What the task asks:
Your copy should hold exactly the lines from the one containing "В Нурлате прошел" through the last line of the entries, and no pictures.

Collection entries:
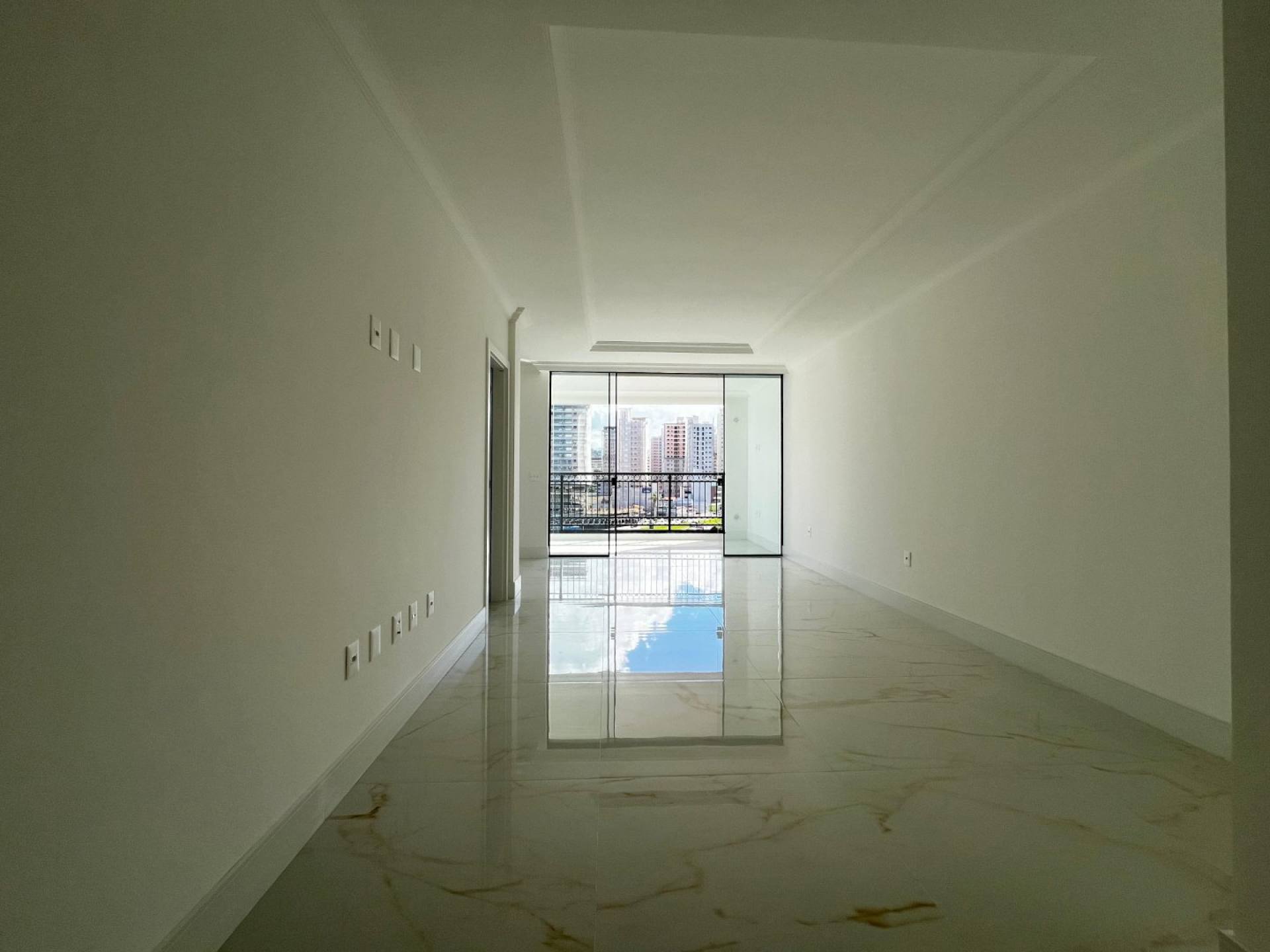 Apartamento Novo na Meia Praia em Itapema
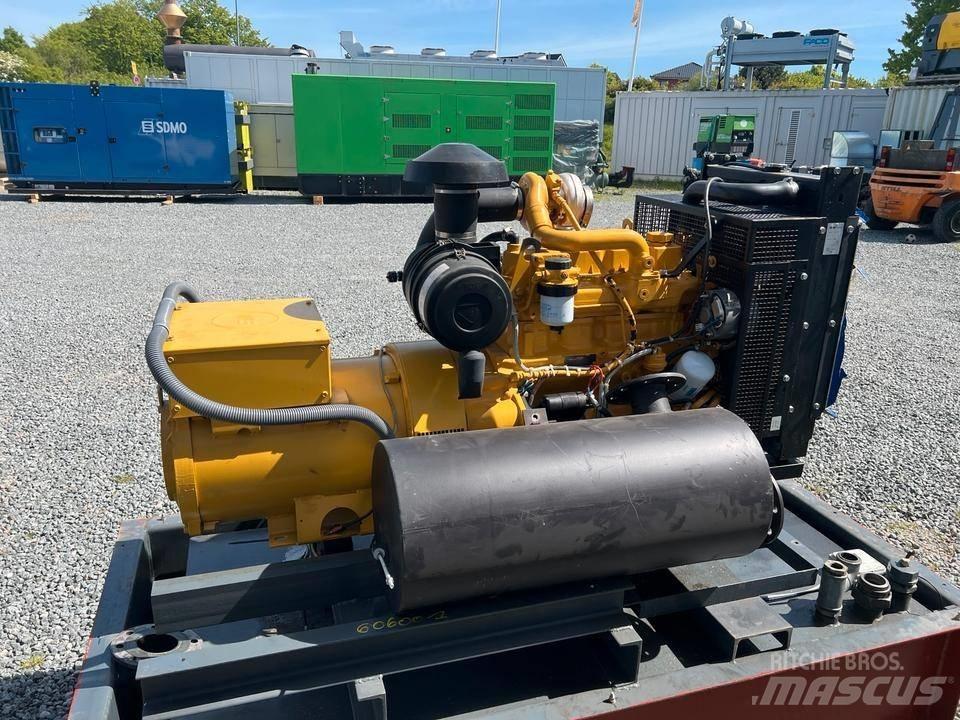 John Deere 60 KVA Дизелови генератори
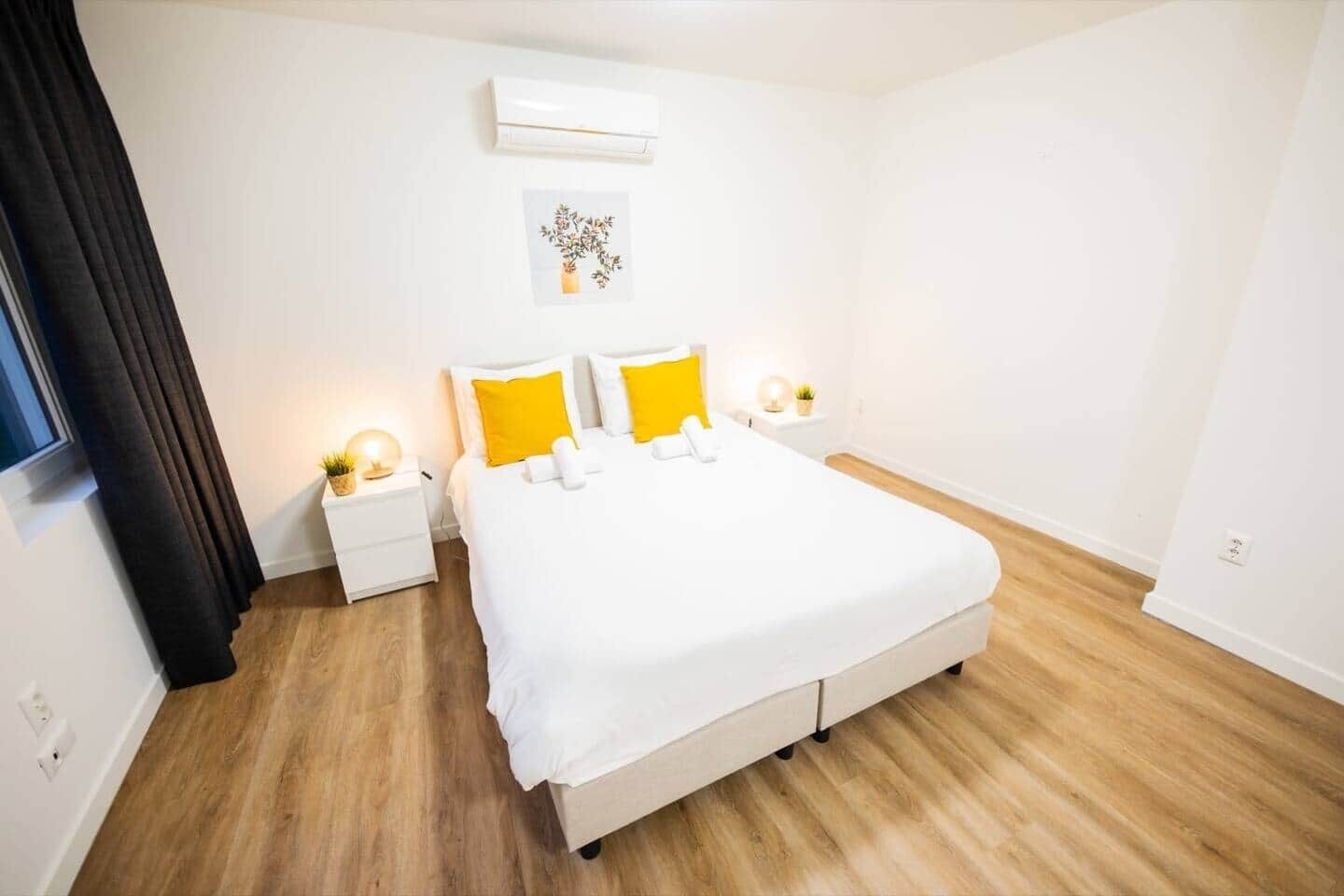 2 slaapkamers, een bureau, een strijkplank/strijkijzer, wifi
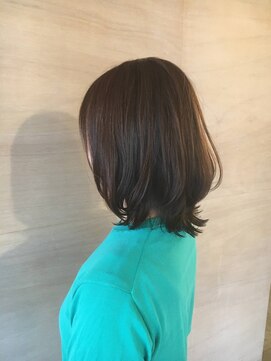 ヘアーアンジュ(Hair Ange) レイヤー くびれスタイル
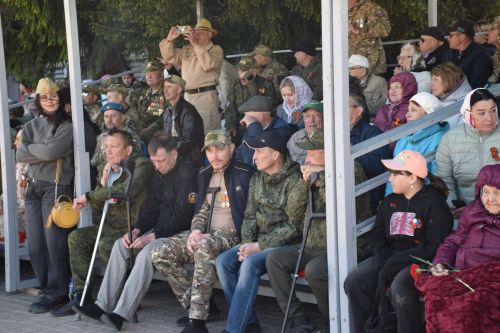 В Нурлате прошел Парад Победы: подвигу героев и память, и слава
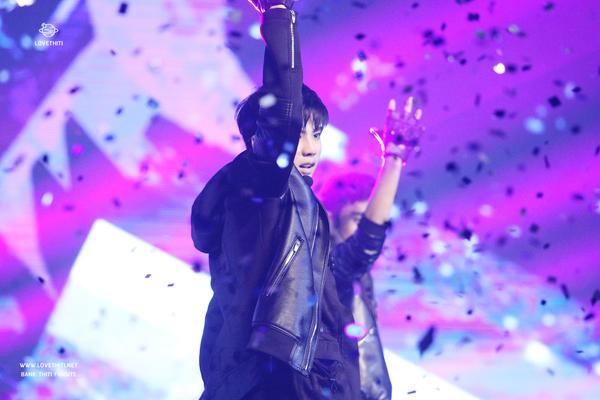 อยากให้รางวัล แบงค์ ธิติ แสดงคอนเสิร์ตเกาหลียังไงยังงั้น โดนๆ @ GTHStarTheque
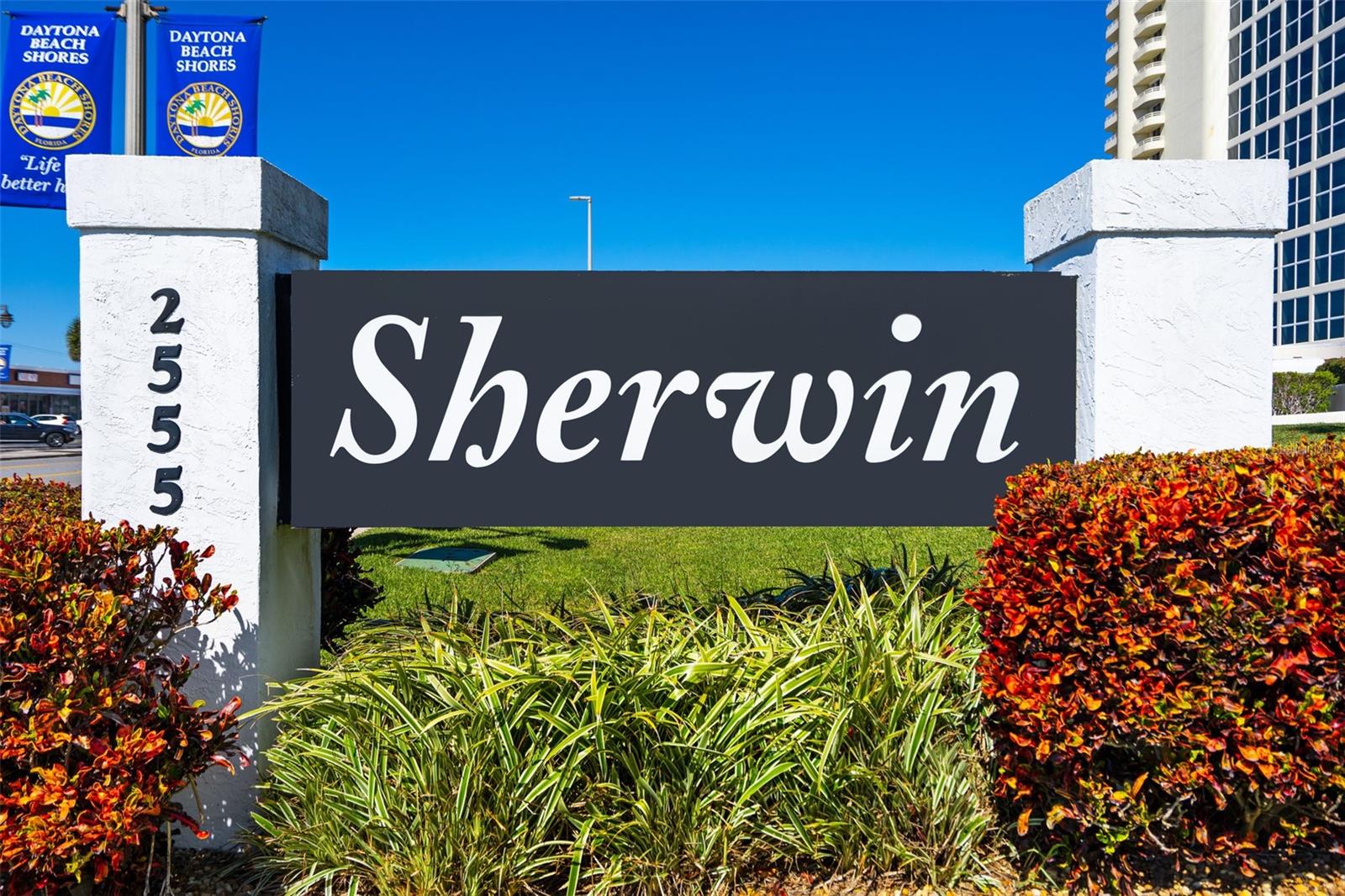 SHERWIN CONDO - Residential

Result of the exercise:
 В Нурлате прошел Парад Победы: подвигу героев и память, и слава
 อยากให้รางวัล แบงค์ ธิติ แสดงคอนเสิร์ตเกาหลียังไงยังงั้น โดนๆ @ GTHStarTheque
 SHERWIN CONDO - Residential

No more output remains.